In this embodiment as well, the hakama 2 has flat parts on only one side (Fig. 4 d), those with two flat parts on one side (Fig. 4 e), and those with multiple flat parts in a polygonal shape (Fig. 4 e). 4(f) and the like can be adopted, and the same effects as those of the above embodiment can be achieved.

[Effect of idea]

As described above, according to the present invention, the structure can be simplified and costs can be reduced, and there is no need for complicated fine-tuning, making maintenance and management easier and improving reliability. effective.

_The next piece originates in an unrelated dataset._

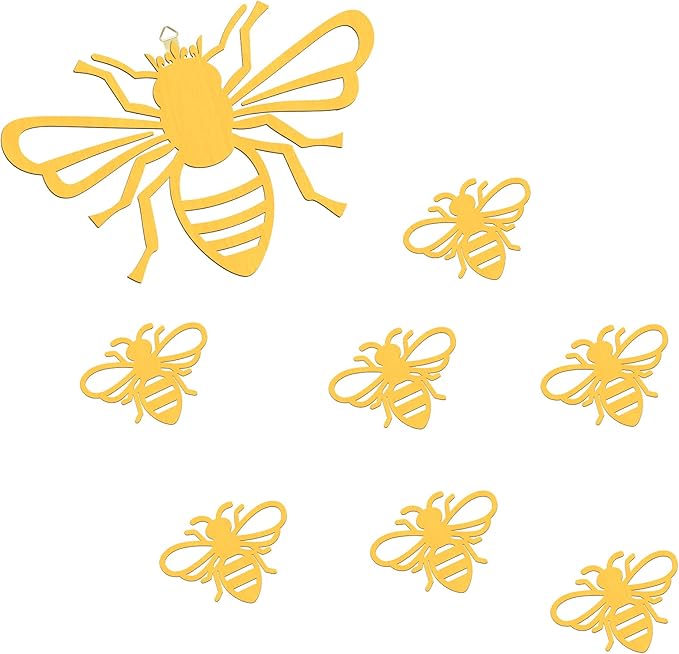 Yookeer 8 Pieces Wooden Bee Decor Wall Art Farmhouse Queen Bee Wall Sculpture Hanging Sign for Indoor Outdoor Garden Yard Lawn Decoration Spring Party Supplies(Gold)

[Brief explanation of the drawing]

Fig. 1 is a plan view schematically showing an embodiment of the present invention, Fig. 2 is a sectional view taken along the - line in Fig. 1, and Fig. 3 is a sectional view of the hakama along the - line in Fig. 2. Fourth
Figures a, b, c, d, e, and f are all equivalent to Figure 3 showing a modification of the hakama, Figure 5 is a diagram equivalent to Figure 1 showing another embodiment of the present invention, and Figure 6 is a diagram equivalent to Figure 1 showing another embodiment of the present invention. FIG. 5 is a cross-sectional view taken along line -, and FIG. 7 is a cross-sectional view taken along line - in FIG. 1... Conveyor, 2... Hakama (cylindrical conveyed object),
2b, 2c...concave groove, 2d, 2e...flat part,
3, 3a, 3b...Magnetic adsorbent, 5...Belt (endless band), 6, 6a...Magnetic material, 7a, 7b...
Guide bar (guiding means). In each figure, the same reference numerals indicate the same or equivalent parts.

Claims (1)

[Scope of utility model registration request] a conveyor that conveys a cylindrical conveyance object having a magnetic adsorbent adhered to a flat part within a groove formed on the circumferential surface;
An endless band provided on one side of the conveyor and capable of fitting into a groove of the cylindrical conveyed object driven at a speed different from the conveyance speed of the conveyor; a magnetic body that attracts the magnetic attracting body to regulate the direction of the cylindrical conveyed object, and a guide that guides the cylindrical conveyed object into a region where the magnetic force of the magnetic body acts on the magnetic attracting body. 1. A direction regulating device for a cylindrical conveyed object, comprising: means.